> [Work to be completed]:
Return the following from the records below: each line, word for word, starting with the line that contains "10inch I Tip" and going on through the line that contains "в пластиковом пакете", with nothing outside that range.

> [Material provided]:
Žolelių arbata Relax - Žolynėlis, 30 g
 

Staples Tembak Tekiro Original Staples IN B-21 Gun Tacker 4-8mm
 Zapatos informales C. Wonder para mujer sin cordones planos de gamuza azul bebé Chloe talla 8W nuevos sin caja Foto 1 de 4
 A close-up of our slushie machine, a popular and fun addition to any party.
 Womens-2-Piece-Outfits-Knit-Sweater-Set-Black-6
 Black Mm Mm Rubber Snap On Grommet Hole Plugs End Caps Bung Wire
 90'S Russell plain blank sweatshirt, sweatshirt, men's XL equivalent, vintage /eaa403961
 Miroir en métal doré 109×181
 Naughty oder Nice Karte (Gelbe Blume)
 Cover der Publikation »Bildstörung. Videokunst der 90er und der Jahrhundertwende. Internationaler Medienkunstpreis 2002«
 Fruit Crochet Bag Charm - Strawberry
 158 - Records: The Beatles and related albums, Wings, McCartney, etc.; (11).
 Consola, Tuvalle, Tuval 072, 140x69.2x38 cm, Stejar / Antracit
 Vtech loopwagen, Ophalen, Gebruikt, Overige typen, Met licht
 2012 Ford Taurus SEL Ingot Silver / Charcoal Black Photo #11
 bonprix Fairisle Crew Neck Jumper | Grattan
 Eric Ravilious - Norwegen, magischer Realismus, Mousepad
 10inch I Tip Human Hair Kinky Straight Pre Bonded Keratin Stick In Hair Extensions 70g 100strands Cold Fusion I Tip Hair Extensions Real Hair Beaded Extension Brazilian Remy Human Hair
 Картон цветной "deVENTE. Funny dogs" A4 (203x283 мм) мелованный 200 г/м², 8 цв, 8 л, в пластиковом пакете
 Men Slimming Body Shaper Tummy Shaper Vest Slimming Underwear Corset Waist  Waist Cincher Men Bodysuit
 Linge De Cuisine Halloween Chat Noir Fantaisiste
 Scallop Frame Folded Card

> [Exercise answer]:
 10inch I Tip Human Hair Kinky Straight Pre Bonded Keratin Stick In Hair Extensions 70g 100strands Cold Fusion I Tip Hair Extensions Real Hair Beaded Extension Brazilian Remy Human Hair
 Картон цветной "deVENTE. Funny dogs" A4 (203x283 мм) мелованный 200 г/м², 8 цв, 8 л, в пластиковом пакете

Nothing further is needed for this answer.